Why are you leaving your current position?
Whatever your reason for leaving, make sure your response is honest but doesn’t include too much personal or negative detail. If you throw a previous employer under the bus, a new one will be hesitant to hire you. Turn the focus to what you want for your career future, how you want to grow with the new job opportunity, and what the company has to offer that you’re excited about. If it’s true, mention you’ll be leaving your old job on good terms.
Why should we hire you?
This question is an open door to show what differentiates you from other candidates. Have in mind experiences, skills, training, etc. that make you an ideal fit for the job.
Do you have any regrets?
This is another opportunity to show your self-assessment ability. If you can’t think of any regrets, frame your answer around how you’ve managed this. Or, pick a regret you can show you learned from and how you’re pursuing the career and life you want now.
Are you willing to fail?
Employers want to hear that you learn from failure and use the experience to improve in the future. They also want to hear you’re will to try new approaches and innovate while minimizing the risk of failure.
Describe a time when your job conflicted with your ethics. How did you handle the situation?
Here, the hiring manager wants to know you can handle tricky situations honorably, discreetly, and tactfully. When describing how you’ve done this in the past, remember to avoid oversharing and demeaning others—focus on your behavior and if you learned how to handle things differently next time.

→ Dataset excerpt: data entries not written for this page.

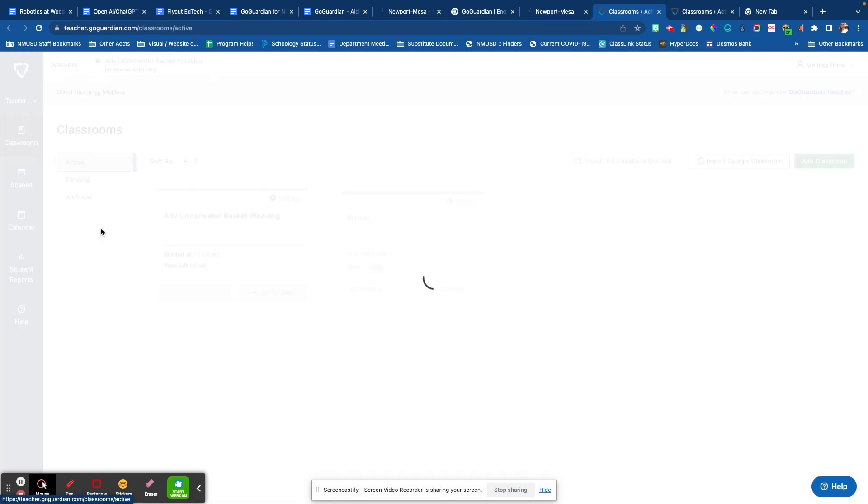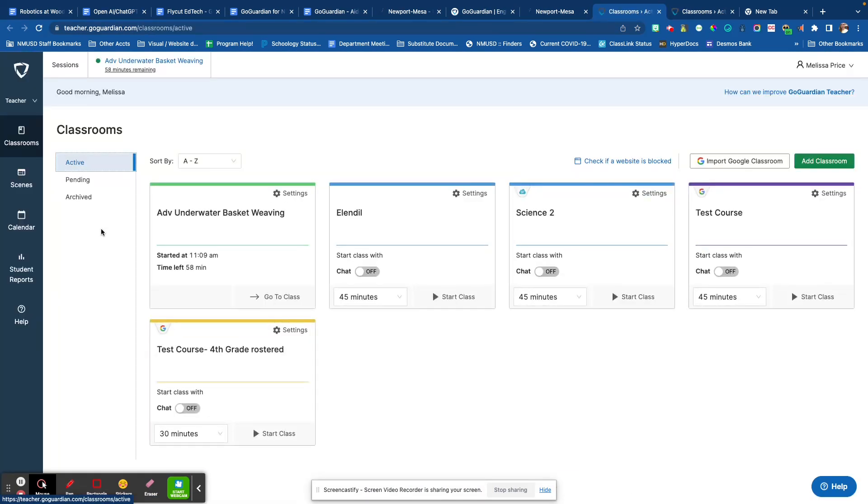will automatically have classes pushed to them. If you are an aide, you will be able to create your own class or join another class the teacher has shared with you. The very first time you log on,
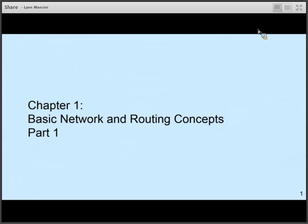Hello. Today we're going to be talking about Chapter 1 in our CCNP Route Companion Guide. This chapter is fairly lengthy, and we're dividing it up into two different parts. The first part is going to be longer than the second part.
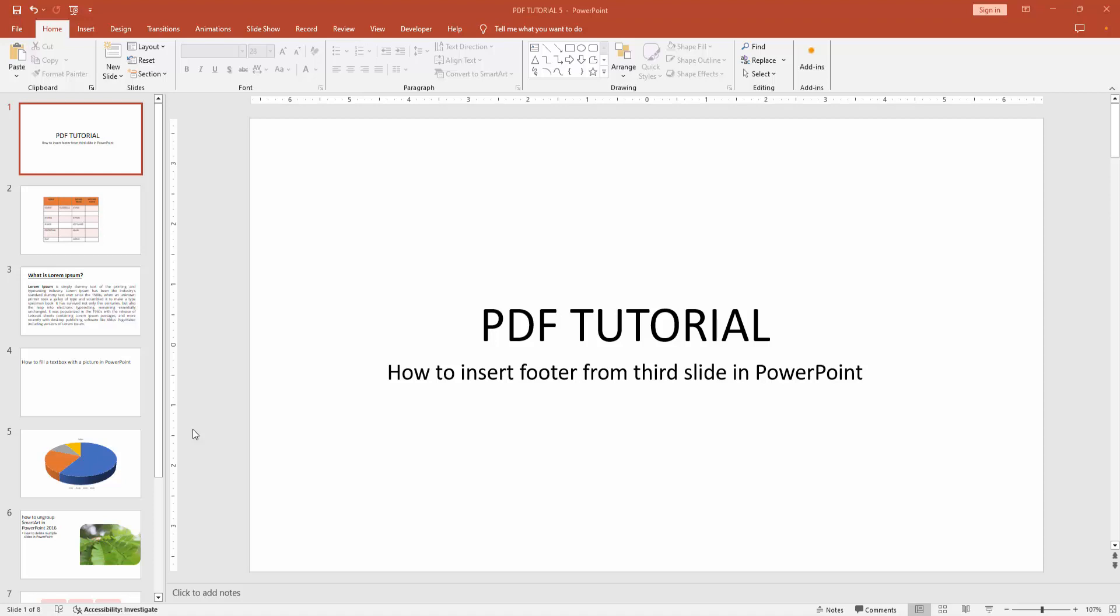Assalamualaikum, hello friends, how are you? Welcome back to my another video. In this video, I am going to show you how to insert a footer from the third slide in PowerPoint. Let's get started.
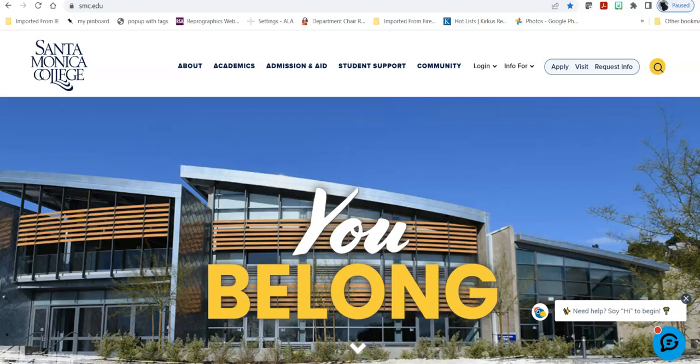Hi, my name is Bren Antrim and I'm one of the librarians here at the Santa Monica College Library. Today we're going to do a short tour of library research guides, otherwise known as LibGuides.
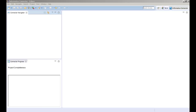Use the Informatica Connector Toolkit to build an adapter that provides connectivity between a data source and the Informatica platform. The Informatica Connector Toolkit improves the productivity of adapter developers by providing an Informatica Connector perspective in the Eclipse IDE.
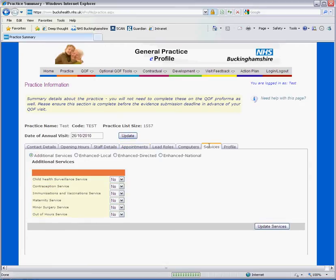The services you provide are divided into additional and enhanced for these purposes. Please indicate here whether you have opted out of any additional services.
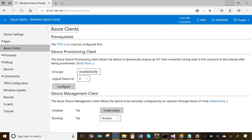In the interest of time, I have a device sitting in my office that I've already provisioned using DPS, and it's connected to my IoT Hub. The device is running Windows 10 IoT Core. Our Azure IoT device agent can run on both IoT Core and on IoT Enterprise.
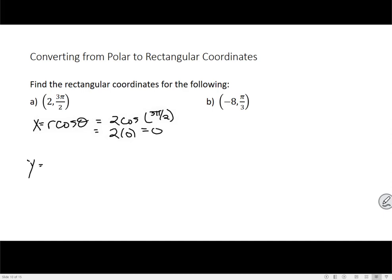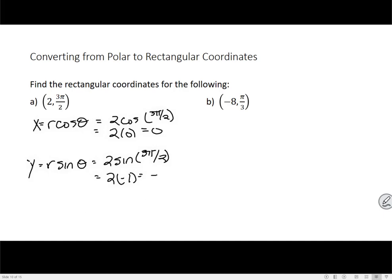To find y, I use y equals r sine theta, which gives 2 times sine of 3π/2. Looking at the unit circle at that negative y-axis, the y coordinate there is negative 1, which represents the sine value. So sine of 3π/2 is negative 1, and my y coordinate becomes negative 2. Putting this together as a point in rectangular coordinates, I have the x value of 0 first, then the y value of negative 2: the point is (0, -2).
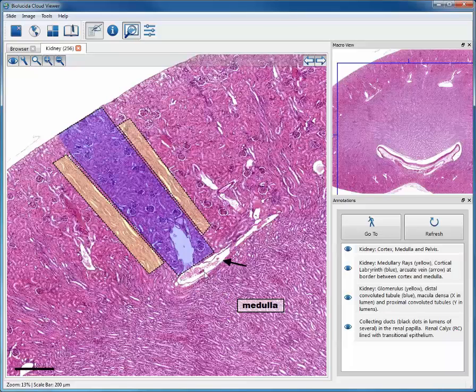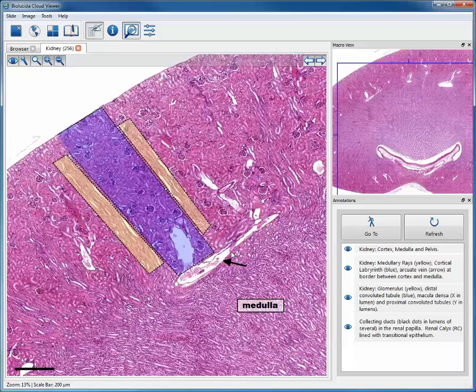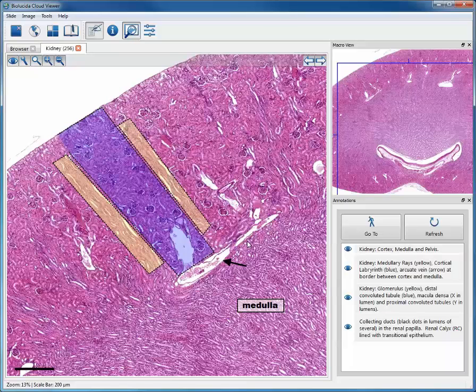And this is a vessel. Here is an arcuate vein. If we were to be able to see at a different level in this same region, we would see the arcuate artery. The arcuate vein collects blood from the cortex and the medulla, and the arcuate artery provides blood flow to the cortex and to the medulla.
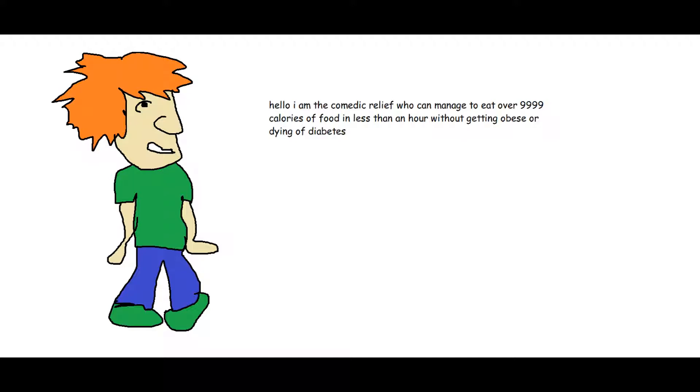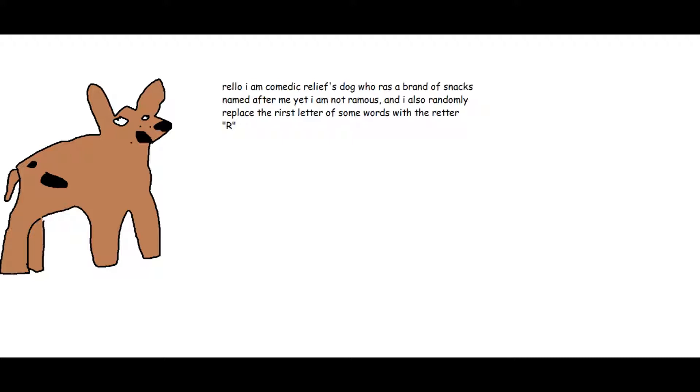without getting obese or dying of diabetes. Hello I am Comedic Relief's dog who has a brand of snacks named after me yet I am not Ramis, and I also randomly replace the first letter of some words with the letter R.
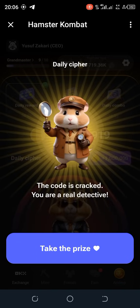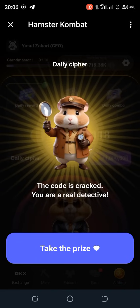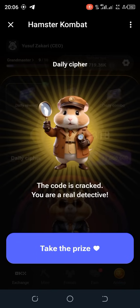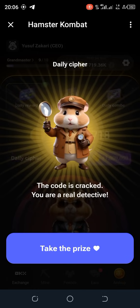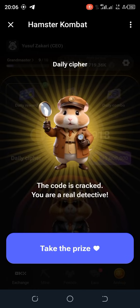So we have successfully cracked today's code. Thank you for watching — see you tomorrow for another cipher!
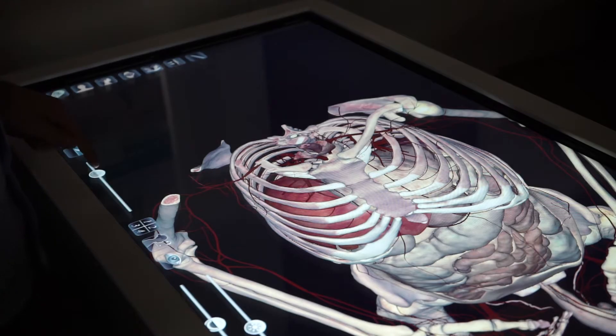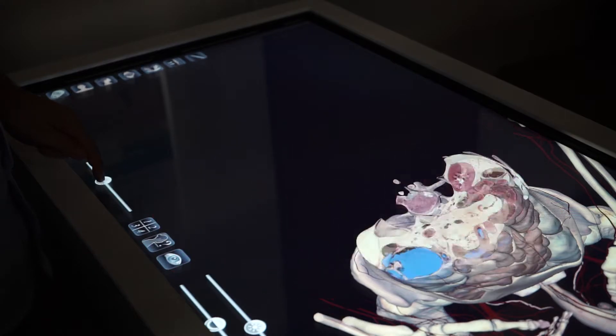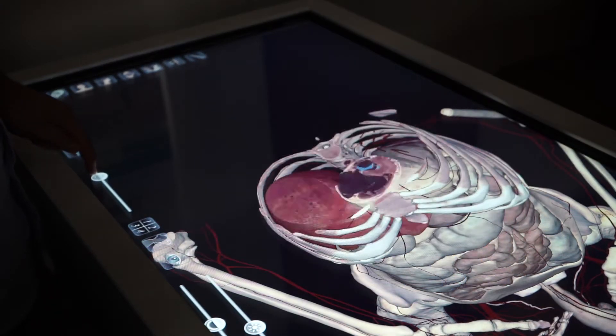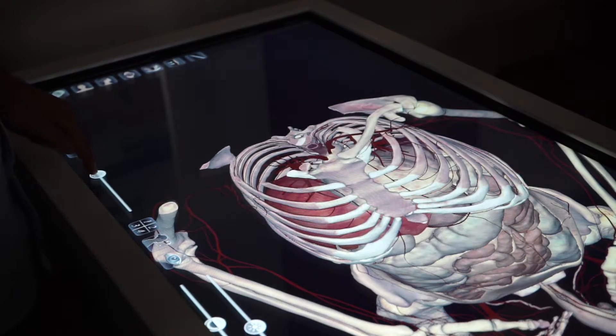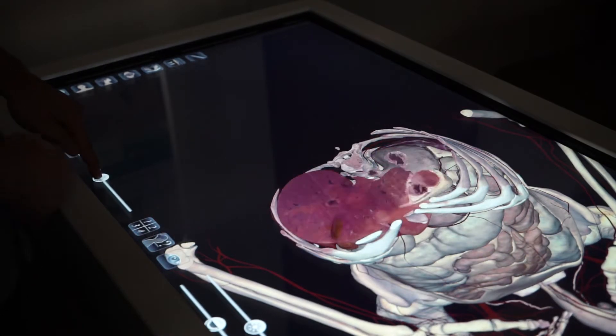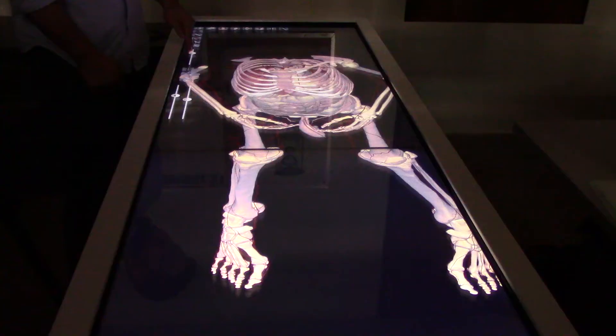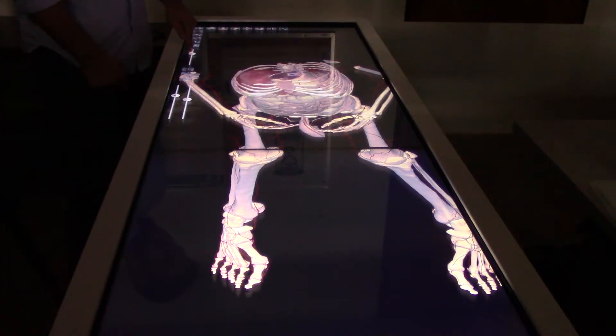I can also move that slice by using the slider on the side, moving the slice up and down from the body at the angle created earlier.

Do you have any questions for me/about the company?
Hopefully you can think of good questions of your own after thoroughly researching the company. Think of questions that convey genuine interest in the position and the company’s future. Questions about company culture, growth plans for the next five years, and how they measure success are usually all winners.
Ultimately, the toughest interview questions can be handled with confidence and grace if you can frame your answers as showing personal growth, ability to adapt, and interest in helping the larger team or company succeed. Good luck!